Auch die Dinge haben Tränen. Ich habe ein paar Teile eingepackt.


Und dann sitze ich in meinem Wohnzimmer. Habe mir einen Single Malt eingeschüttet. Nehme Timm, Der Freund und der Fremde aus dem Regal, schaue auf die Fundstücke und lese, was er geschrieben hat, dazu, dass auch die Dinge Tränen haben.

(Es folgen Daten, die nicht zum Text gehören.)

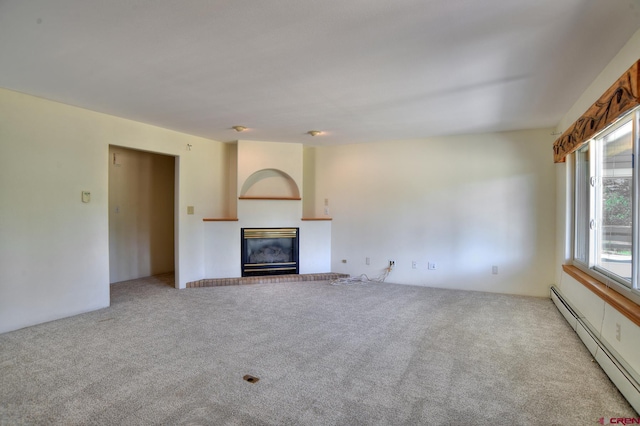 678 N Lakeside Dr, Durango, CO 81303 - unfurnished living room with a baseboard radiator, a glass covered fireplace, and carpet floors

Und dann spüre ich Reichtum; wie reich ich bin, dass ich da so mit Glas und Buch in der Hand, die Dinge vor mir liegend und mich hineinversetzend, in den Satz, über die Dinge und die Tränen. Es greift dort, wo man auch was empfindet, wenn man gute Musik hört oder macht, man sich eine Kunstausstellung anschaut, von einem Bild ergriffen ist....

Aber ich bin auf dem Sprung. Lebben geht weita. Bin zum Essen eingeladen, von einer lieben Frau."